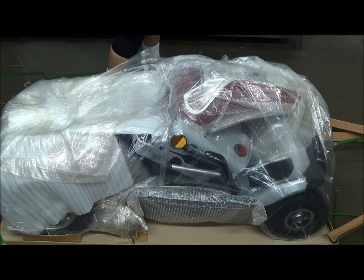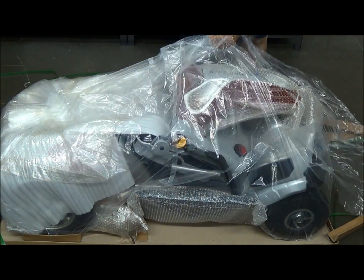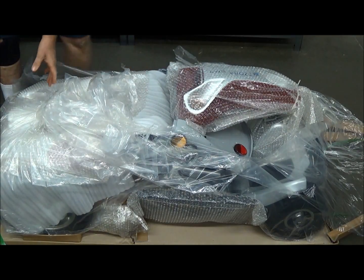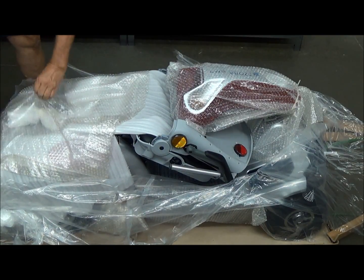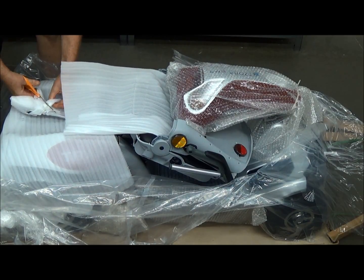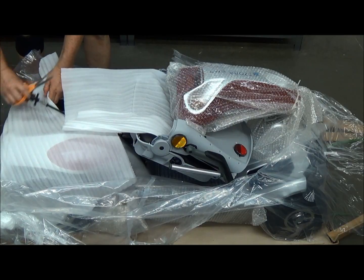So now you're just left with the scooter all bundled up in plastic. Just start with a nice sharp pair of scissors and start cutting all the plastic off. I find it's easier to use a good pair of scissors than a knife, because you don't have to worry so much about scratching the scooter or cutting yourself.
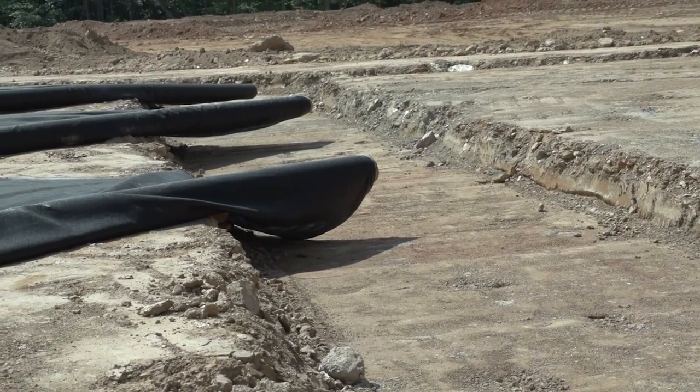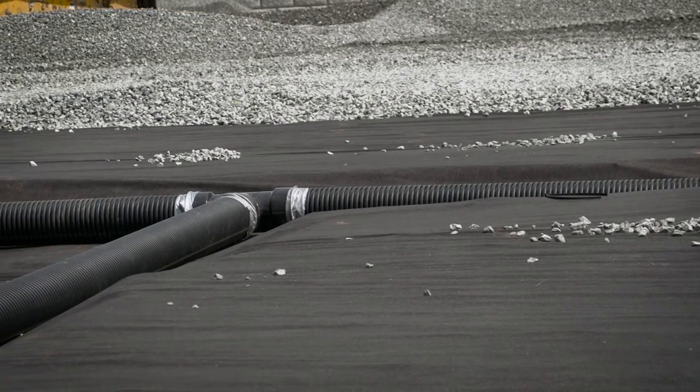Inside that, we'll actually have indentions in the sub-base, which is called a channel or a channel drain. And inside those, that's where we'll install the four-inch or six-inch pipe. The water drains into the drainage rock and sheet flows down into the pipes, and the pipes send it out of the arena.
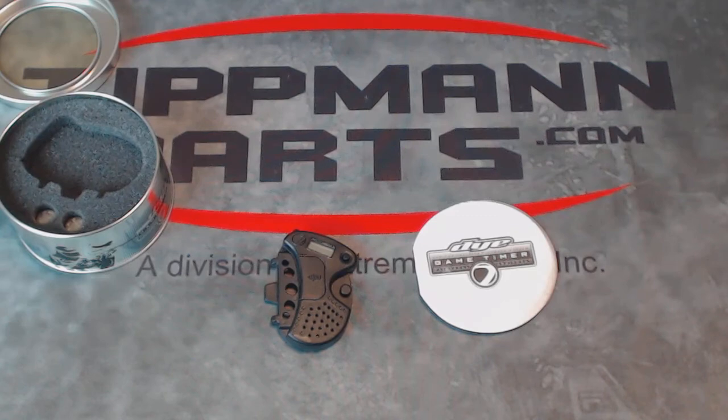It will count down at the one minute mark, the two minute mark, or each minute increment. It will also hit 30 seconds remaining, 20 seconds, and then count down from 10 and announce that the game is over. This is a great little timer system that works with the Dye Envision Goggle System.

-----

With images omitted, output the data exactly as given.

So now you're just left with the scooter all bundled up in plastic. Just start with a nice sharp pair of scissors and start cutting all the plastic off. I find it's easier to use a good pair of scissors than a knife, because you don't have to worry so much about scratching the scooter or cutting yourself.
Inside that, we'll actually have indentions in the sub-base, which is called a channel or a channel drain. And inside those, that's where we'll install the four-inch or six-inch pipe. The water drains into the drainage rock and sheet flows down into the pipes, and the pipes send it out of the arena.
It will count down at the one minute mark, the two minute mark, or each minute increment. It will also hit 30 seconds remaining, 20 seconds, and then count down from 10 and announce that the game is over. This is a great little timer system that works with the Dye Envision Goggle System.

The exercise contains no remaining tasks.